Sulfur-regulated control of the met-2⁺ gene of Neurospora crassa encoding cystathionine ß-lyase.

BACKGROUND: Cystathionine ß-lyase performs an essential role in the transsulfuration pathway by its primary reaction of forming homocysteine from cystathionine. Understanding how the Neurospora crassa met-2⁺ gene, which encodes cystathionine ß-lyase, is regulated is important in determining the basis of the cellular control of transsulfuration. The aim of this study was to determine the nature of a potential regulatory connection of met-2⁺ to the Neurospora sulfur regulatory network. FINDINGS: The cystathionine ß-lyase (met-2⁺) gene was cloned by the identification of a cosmid genomic clone capable of transforming a met-2 mutant to methionine prototrophy and subsequently characterized.

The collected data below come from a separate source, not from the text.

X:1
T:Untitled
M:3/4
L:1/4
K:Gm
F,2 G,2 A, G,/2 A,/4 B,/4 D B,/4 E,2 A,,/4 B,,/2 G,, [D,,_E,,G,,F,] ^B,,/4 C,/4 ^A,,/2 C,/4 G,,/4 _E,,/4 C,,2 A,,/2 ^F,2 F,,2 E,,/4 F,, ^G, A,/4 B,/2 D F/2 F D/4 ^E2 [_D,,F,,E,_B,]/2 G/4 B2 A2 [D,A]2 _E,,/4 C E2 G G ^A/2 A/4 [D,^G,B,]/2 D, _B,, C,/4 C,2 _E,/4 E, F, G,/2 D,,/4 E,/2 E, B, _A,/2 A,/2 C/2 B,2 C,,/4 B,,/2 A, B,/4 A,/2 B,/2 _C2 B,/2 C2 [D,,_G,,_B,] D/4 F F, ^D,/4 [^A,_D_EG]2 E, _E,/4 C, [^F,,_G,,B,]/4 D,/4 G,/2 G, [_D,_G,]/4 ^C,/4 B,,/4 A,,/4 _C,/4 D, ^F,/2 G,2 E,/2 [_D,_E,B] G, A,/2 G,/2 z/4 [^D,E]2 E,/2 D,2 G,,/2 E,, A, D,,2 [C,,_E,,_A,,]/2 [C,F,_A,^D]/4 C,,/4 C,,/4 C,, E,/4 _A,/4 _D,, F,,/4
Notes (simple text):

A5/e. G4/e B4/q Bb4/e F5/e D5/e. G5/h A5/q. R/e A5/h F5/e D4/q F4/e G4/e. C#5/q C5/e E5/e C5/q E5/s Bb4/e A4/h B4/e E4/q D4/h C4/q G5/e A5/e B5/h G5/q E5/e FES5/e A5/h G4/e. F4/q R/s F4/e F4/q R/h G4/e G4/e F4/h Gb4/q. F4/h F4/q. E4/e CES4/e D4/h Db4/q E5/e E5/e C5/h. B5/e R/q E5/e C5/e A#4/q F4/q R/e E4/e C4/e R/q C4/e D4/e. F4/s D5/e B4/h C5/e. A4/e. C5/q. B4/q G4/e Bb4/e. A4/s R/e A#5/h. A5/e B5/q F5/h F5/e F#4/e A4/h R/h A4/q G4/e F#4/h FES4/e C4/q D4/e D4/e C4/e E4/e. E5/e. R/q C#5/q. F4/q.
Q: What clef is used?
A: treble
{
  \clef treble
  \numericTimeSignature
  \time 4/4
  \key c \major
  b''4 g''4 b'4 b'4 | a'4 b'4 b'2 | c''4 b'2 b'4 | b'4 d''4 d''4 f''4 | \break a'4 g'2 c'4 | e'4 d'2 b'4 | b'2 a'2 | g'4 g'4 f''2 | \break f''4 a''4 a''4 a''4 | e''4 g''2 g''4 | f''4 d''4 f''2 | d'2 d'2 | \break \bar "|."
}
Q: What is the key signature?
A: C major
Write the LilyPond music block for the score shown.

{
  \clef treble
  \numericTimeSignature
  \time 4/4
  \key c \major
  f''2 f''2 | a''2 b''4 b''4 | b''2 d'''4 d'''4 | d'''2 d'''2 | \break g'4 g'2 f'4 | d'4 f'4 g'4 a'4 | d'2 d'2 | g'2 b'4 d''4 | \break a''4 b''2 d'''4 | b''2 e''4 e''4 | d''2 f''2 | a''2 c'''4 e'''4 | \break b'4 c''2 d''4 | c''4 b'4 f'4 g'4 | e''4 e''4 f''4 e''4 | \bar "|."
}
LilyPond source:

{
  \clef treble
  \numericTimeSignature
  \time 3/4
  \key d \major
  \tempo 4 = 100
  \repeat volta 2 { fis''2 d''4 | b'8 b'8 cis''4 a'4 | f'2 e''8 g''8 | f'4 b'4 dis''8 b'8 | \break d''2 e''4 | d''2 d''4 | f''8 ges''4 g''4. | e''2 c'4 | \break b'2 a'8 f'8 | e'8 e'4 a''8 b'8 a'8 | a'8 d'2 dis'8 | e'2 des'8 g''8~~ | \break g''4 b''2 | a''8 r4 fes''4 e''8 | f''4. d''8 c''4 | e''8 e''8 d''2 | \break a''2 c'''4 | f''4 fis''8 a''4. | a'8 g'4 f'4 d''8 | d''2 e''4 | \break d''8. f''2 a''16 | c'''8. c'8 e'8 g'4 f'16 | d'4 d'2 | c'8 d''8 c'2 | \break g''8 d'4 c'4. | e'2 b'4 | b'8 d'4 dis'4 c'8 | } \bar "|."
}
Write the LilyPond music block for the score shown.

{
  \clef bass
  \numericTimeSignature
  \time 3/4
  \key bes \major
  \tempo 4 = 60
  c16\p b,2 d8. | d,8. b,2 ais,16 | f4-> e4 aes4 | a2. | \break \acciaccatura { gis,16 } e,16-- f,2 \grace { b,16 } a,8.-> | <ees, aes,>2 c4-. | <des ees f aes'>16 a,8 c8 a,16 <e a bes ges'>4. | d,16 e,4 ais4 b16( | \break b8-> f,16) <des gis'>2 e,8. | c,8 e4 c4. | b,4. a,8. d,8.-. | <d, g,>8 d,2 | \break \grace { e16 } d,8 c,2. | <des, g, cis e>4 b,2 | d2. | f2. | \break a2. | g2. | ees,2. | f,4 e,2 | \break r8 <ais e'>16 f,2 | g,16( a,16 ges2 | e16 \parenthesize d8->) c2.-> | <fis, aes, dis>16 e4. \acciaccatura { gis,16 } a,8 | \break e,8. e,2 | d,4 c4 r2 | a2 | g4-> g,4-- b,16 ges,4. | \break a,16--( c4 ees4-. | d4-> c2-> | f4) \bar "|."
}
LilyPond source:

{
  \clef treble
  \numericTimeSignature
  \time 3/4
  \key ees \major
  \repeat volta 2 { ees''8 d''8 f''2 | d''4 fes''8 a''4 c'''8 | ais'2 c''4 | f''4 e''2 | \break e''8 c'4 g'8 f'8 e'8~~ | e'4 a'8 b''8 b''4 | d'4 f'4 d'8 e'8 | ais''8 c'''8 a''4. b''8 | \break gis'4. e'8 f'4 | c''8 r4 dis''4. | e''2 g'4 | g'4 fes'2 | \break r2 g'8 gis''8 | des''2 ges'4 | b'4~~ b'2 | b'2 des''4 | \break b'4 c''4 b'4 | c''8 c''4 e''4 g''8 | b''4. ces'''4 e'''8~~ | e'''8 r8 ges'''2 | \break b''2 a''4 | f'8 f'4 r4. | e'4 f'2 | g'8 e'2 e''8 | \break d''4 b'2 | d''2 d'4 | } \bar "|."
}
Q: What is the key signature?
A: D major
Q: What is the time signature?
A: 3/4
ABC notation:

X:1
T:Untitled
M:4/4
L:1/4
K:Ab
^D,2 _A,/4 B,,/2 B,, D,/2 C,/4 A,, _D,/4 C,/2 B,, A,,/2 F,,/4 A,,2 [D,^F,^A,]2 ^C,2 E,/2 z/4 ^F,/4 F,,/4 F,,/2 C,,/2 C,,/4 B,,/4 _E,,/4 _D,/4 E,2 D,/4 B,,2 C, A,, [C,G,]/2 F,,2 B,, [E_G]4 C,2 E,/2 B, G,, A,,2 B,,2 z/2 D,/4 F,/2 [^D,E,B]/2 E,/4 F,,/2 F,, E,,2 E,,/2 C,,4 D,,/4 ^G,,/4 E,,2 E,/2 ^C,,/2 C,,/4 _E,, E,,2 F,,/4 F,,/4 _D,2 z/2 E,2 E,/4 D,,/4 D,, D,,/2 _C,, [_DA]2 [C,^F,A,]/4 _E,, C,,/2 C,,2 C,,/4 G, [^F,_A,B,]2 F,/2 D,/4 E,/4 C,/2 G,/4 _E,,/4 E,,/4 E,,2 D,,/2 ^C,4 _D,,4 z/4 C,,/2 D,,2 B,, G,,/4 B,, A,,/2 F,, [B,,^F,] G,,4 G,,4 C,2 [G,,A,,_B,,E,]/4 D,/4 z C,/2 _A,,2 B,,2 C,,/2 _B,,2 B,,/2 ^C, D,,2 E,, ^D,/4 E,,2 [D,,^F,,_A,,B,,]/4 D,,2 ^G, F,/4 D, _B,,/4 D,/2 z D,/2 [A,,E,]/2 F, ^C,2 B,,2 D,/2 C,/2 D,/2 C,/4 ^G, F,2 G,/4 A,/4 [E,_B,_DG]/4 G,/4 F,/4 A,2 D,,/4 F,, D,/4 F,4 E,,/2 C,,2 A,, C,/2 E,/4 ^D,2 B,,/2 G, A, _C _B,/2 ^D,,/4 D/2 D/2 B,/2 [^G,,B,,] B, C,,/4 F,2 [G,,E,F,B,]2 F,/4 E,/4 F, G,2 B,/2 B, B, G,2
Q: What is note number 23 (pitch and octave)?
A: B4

The gene contains a single intron and encodes a protein of 457 amino acids with conserved residues predicted to be important for catalysis and pyridoxal-5'-phosphate co-factor binding. The expression of met-2⁺ in wild-type N. crassa increased 3.1-fold under sulfur-limiting growth conditions as compared to the transcript levels seen under high sulfur growth conditions (i.e., repressing conditions). In a Δcys-3 strain, met-2⁺ transcript levels were substantially reduced under either low- or high-sulfur growth conditions. In addition, the presence of CYS3 activator binding sites on the met-2⁺ promoter was demonstrated by gel mobility shift assays. CONCLUSIONS: In this report, we demonstrate the sulfur-regulated expression of the met-2⁺ gene and confirm its connection to the N. crassa sulfur regulatory circuit by the reduced expression observed in a Δcys-3 mutant and the in vitro detection of CYS3 binding sites in the met-2⁺ promoter. The data further adds to our understanding of the regulatory dynamics of transsulfuration.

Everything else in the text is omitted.